- **Required work**
Word for word, restate the data that follows, omitting the images.

- **Given information**

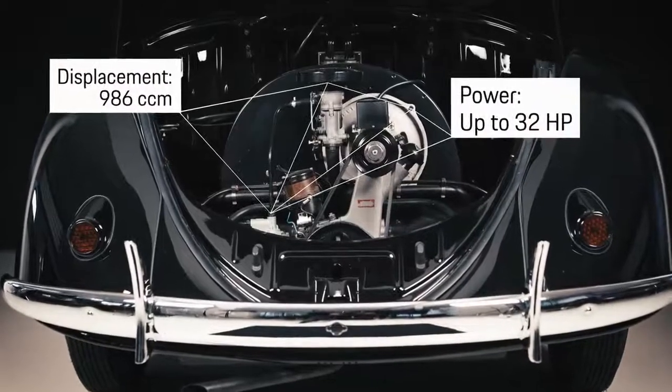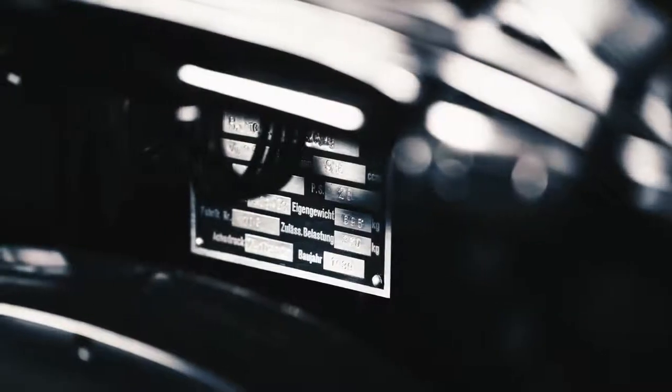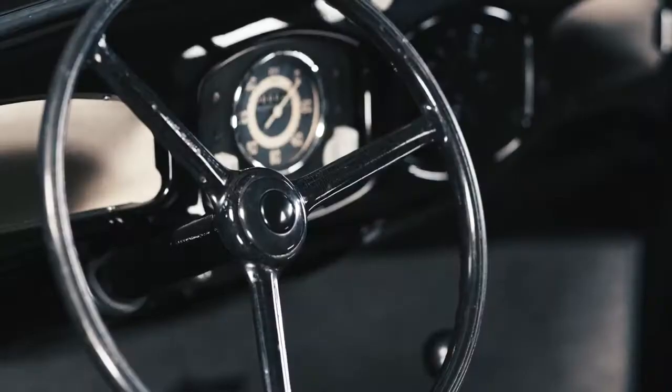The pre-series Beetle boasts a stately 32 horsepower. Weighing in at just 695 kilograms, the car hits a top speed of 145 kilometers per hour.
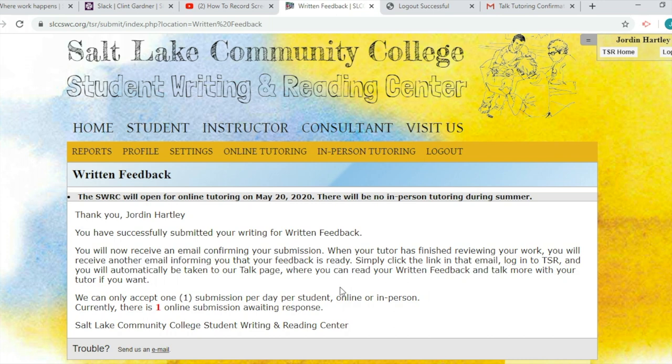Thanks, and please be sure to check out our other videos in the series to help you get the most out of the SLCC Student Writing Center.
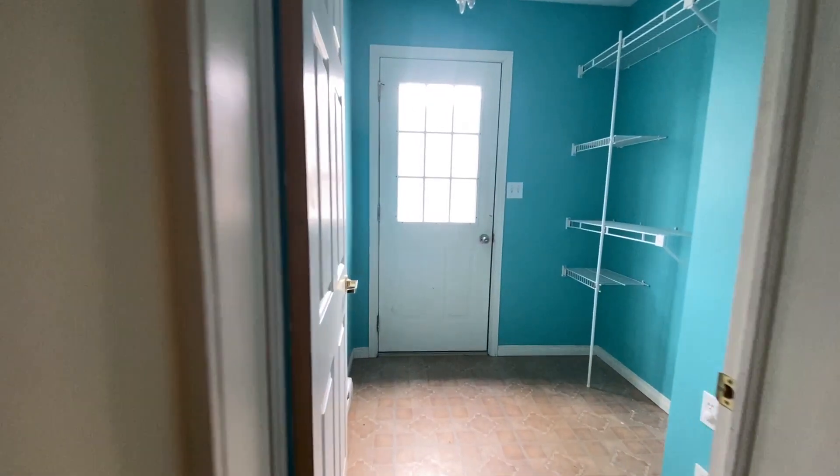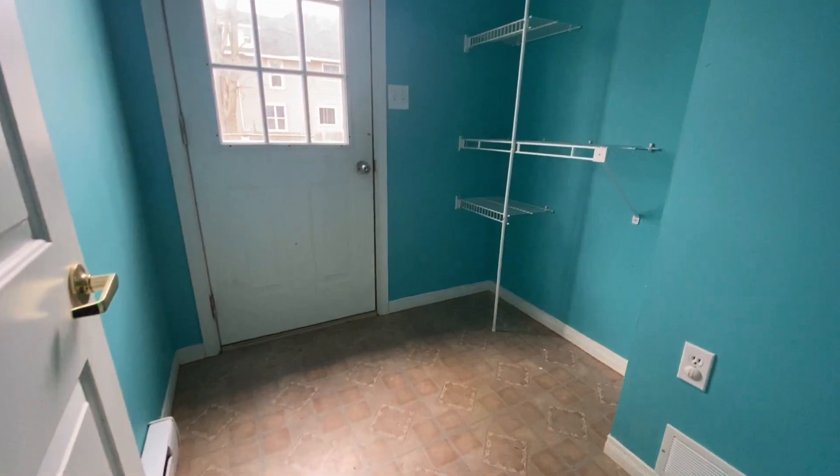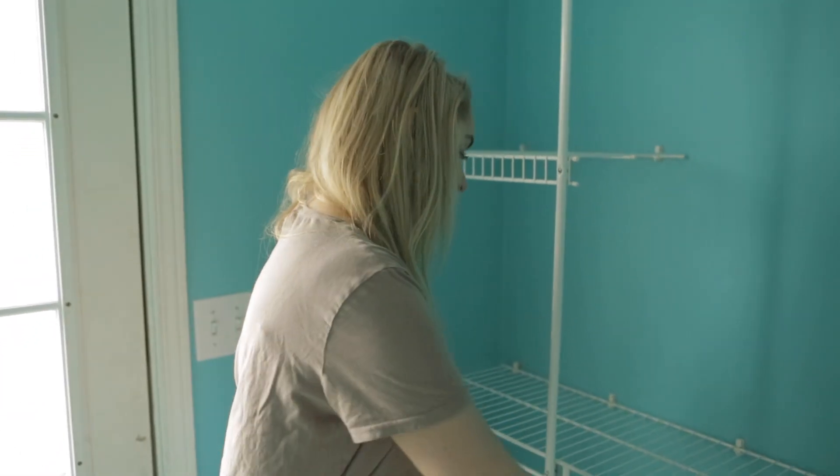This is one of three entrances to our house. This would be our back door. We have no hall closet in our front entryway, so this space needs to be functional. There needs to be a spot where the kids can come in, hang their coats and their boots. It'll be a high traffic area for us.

- **Completed task**
The pre-series Beetle boasts a stately 32 horsepower. Weighing in at just 695 kilograms, the car hits a top speed of 145 kilometers per hour.
Thanks, and please be sure to check out our other videos in the series to help you get the most out of the SLCC Student Writing Center.
This is one of three entrances to our house. This would be our back door. We have no hall closet in our front entryway, so this space needs to be functional. There needs to be a spot where the kids can come in, hang their coats and their boots. It'll be a high traffic area for us.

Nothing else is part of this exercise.